| HN Mirror

Y	Hacker News new \| ask \| show \| jobs

by wodenokoto 1870 days ago

The article goes as far as to say that a parser is not the right tool.

> Not only can the task be solved with a regular expression - regular expressions are basically the only practical way to solve the problem. Which is why none of the clever answers actually suggest another way to solve the problem.

So no, the author is not missing the point at all.

2 comments

goto11 1869 days ago

The point is that a parser could very well use regexes under the hood to perform the tokenization. Because it is the right tool for the job. A language without regex-support might use something like lex to compile a lexer. Of course you can write a character-by-character lexer by hand, but this is just equivalent to what a regex would generate.
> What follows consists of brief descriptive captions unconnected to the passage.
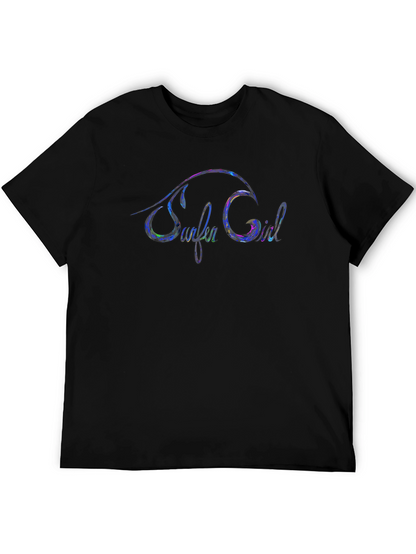 Surfer Girl Graphic Print Black Tee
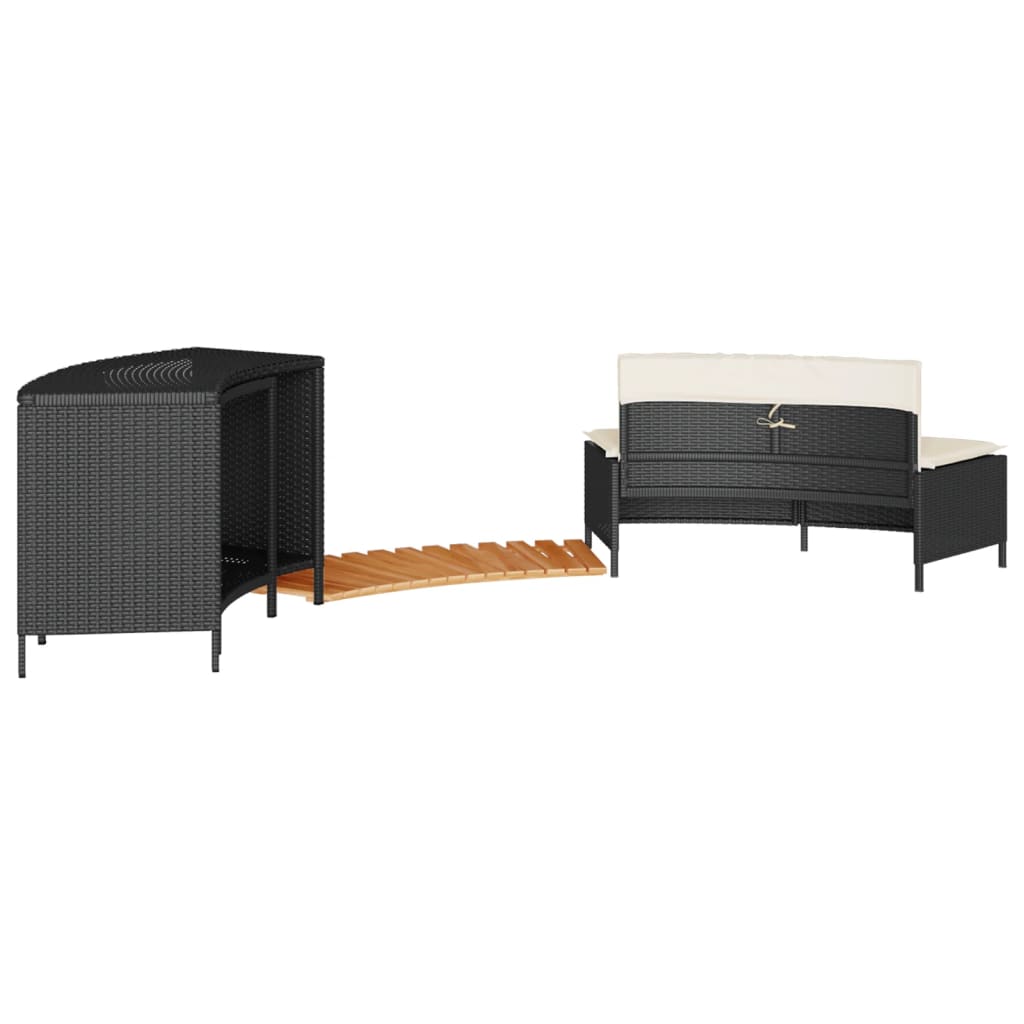 Hot Tub Surround Black Poly Rattan and Solid Wood Acacia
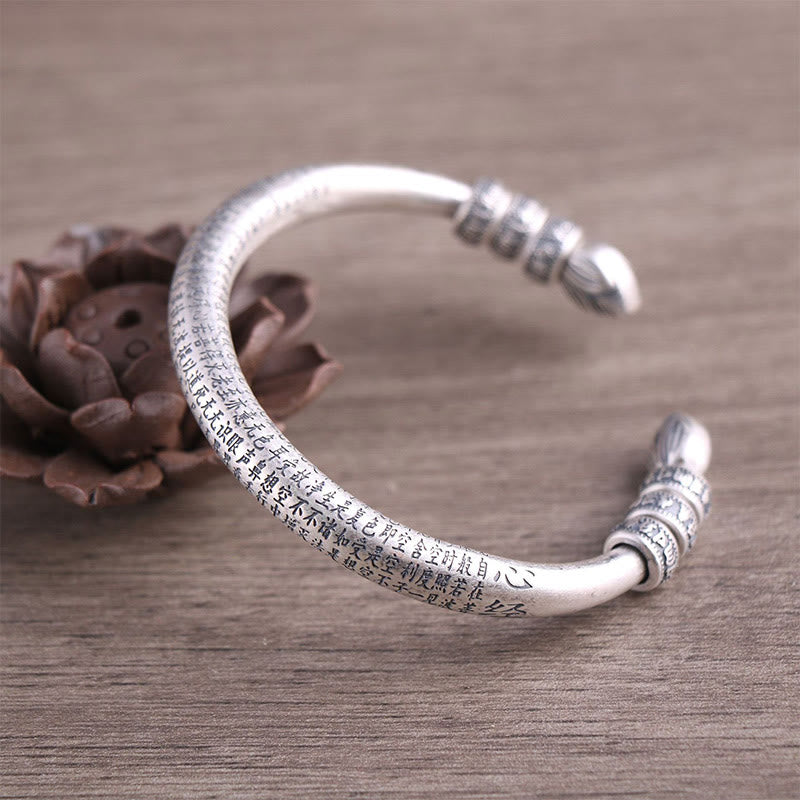 999 Sterling Silver Heart Sutra Om Mani Padme Hum Engraved Peace Purity Bracelet Bangle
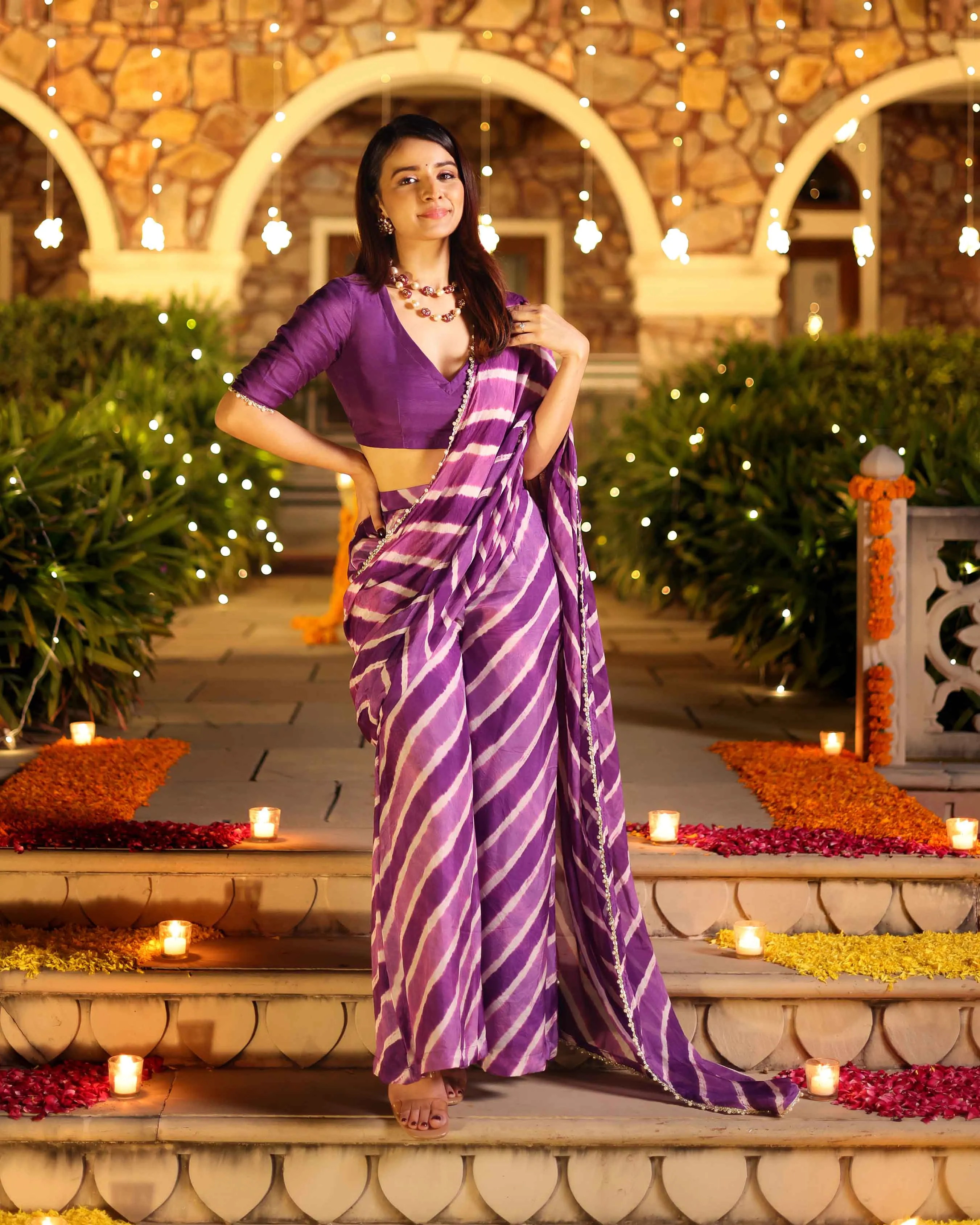 Kimaya Purple Leheriya Silk Pre Draped Saree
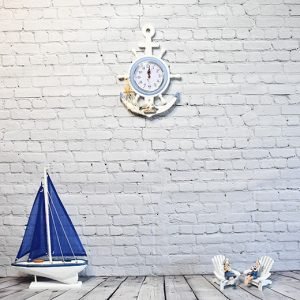 Wheel Rudder Mediterranean Non Ticking Seaside Clocks with Rope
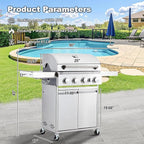 MELLCOM Stainless Steel 4 Burner BBQ Propane Gas Grill with Cast Iron Grates & Side Stove, Stainless Steel 44000 BTU Burner Barbecue Grill for Patio,Camping, Outdoor Cooking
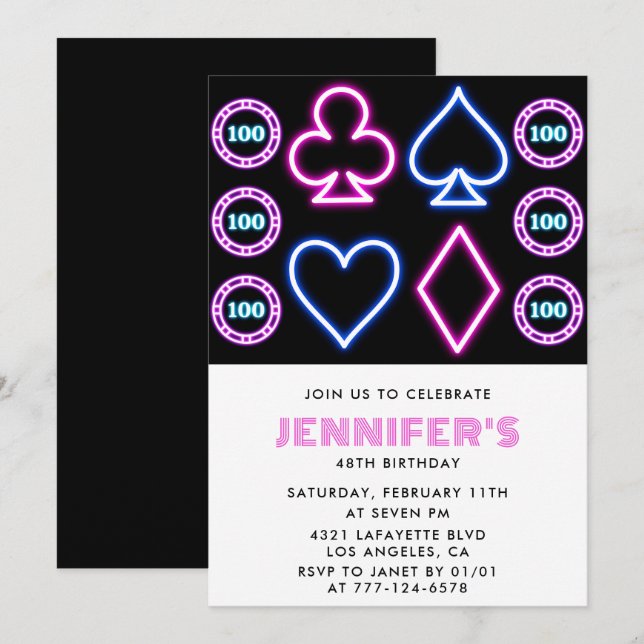 Pink Casino theme Gambling Poker 48th birthday  Invitation (Front/Back)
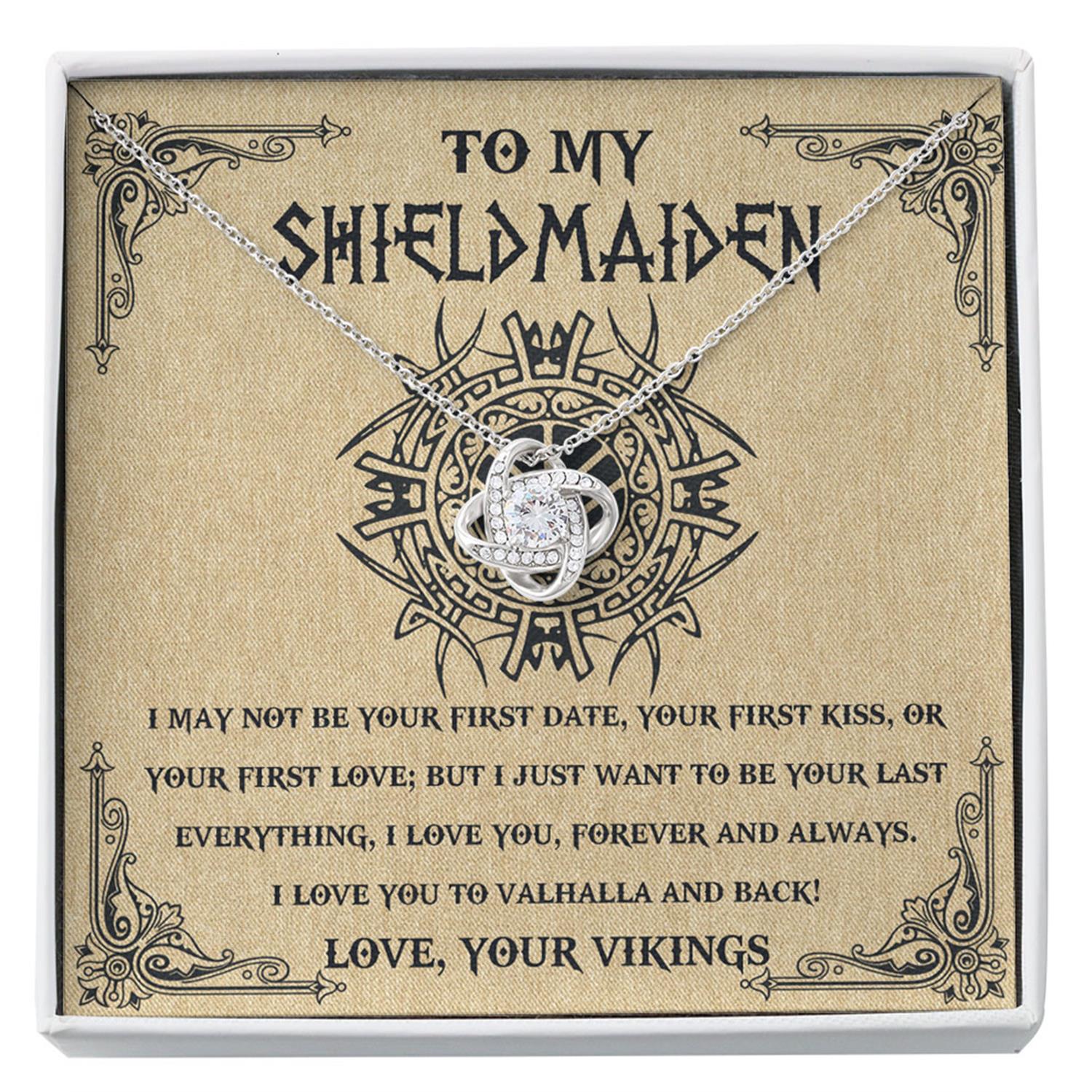 Girlfriend Necklace, Future Wife Necklace, Wife Necklace, To My Shieldmaiden Necklace Gift - Love You To Valhalla And Back Vikings Style Wife Future Wife Girlfrend Custom Necklace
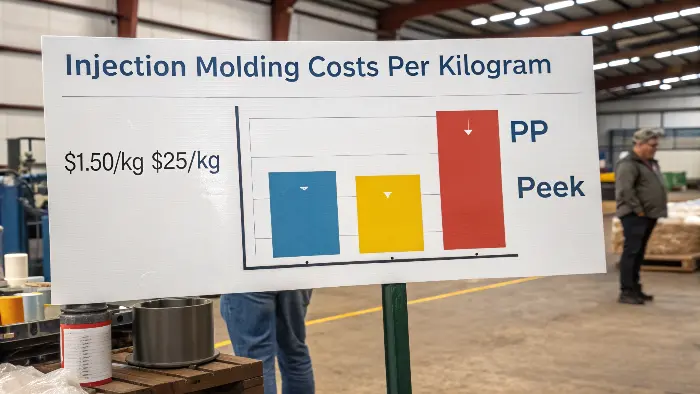 Comparing Raw Material Cost per Kg to Finished Part Cost A close-up of plastic resin pellets next to a finished molded part on a scale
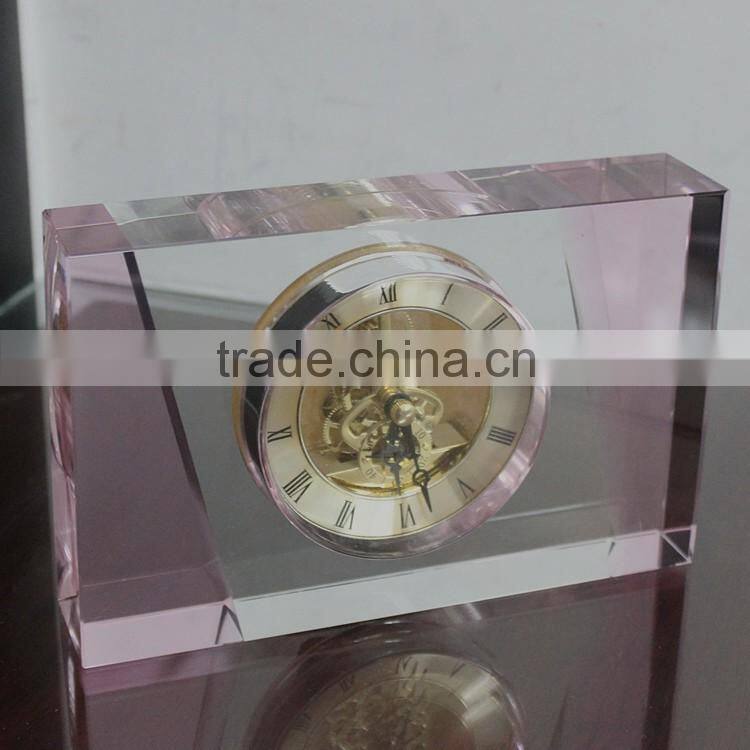 pink clear good quality wholesale crystal desk clock for wedding favor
So saying "this is not possible, use a parser instead" is completely misunderstanding the relationship between lexing and parsing. I wonder how these people think a parser works?

link

IshKebab 1869 days ago

I mean that bit is clearly wrong. An XML/HTML parser is a perfectly practical way to solve the problem.

However I completely agree that they didn't miss the point. A regex to do this might be fine for hacky things that you don't need to be robust (e.g. for searching for stuff, measuring stats, one-off scripts etc.).

link

goto11 1869 days ago

Regular expressions can be as robust as you need them to be, just like any other kind of code. They are a DSL to create lexers, and they are exactly as robust (or hacky) as if you wrote the same lexer by hand.

link

IshKebab 1869 days ago

C code can be as robust as you need it to be. So why bother with formal verification, safe C coding standards, Rust, etc?

The answer is that it can be robust, but the effort required to do that is so large that in practice it usually isn't.

link

goto11 1869 days ago

Are you arguing that the effort required to make a regex robust and correct is larger than the effort required to make some hand-rolled character-by-character based lexer robust and correct?

Because that sounds counter-intuitive to me. A regex is a higher level DSL for lexing.

link

IshKebab 1868 days ago

That's exactly what I'm arguing. Especially because it's very unlikely that you'd write an XML/HTML parser yourself instead of using somebody else's well-tested library.

link

goto11 1868 days ago

OK but these are two separate question.

Of course you should use an existing library if it solves the exact problem you have. Don't waste time re-implementing the wheel unless you are doing if for educational purposes. Whether such a library used regexes or not under the hood would be irrelevant as long as it works and it well tested.

But I would certainly like to hear an argument why you think a regex is less robust that a similar manual character-by-character matcher.

link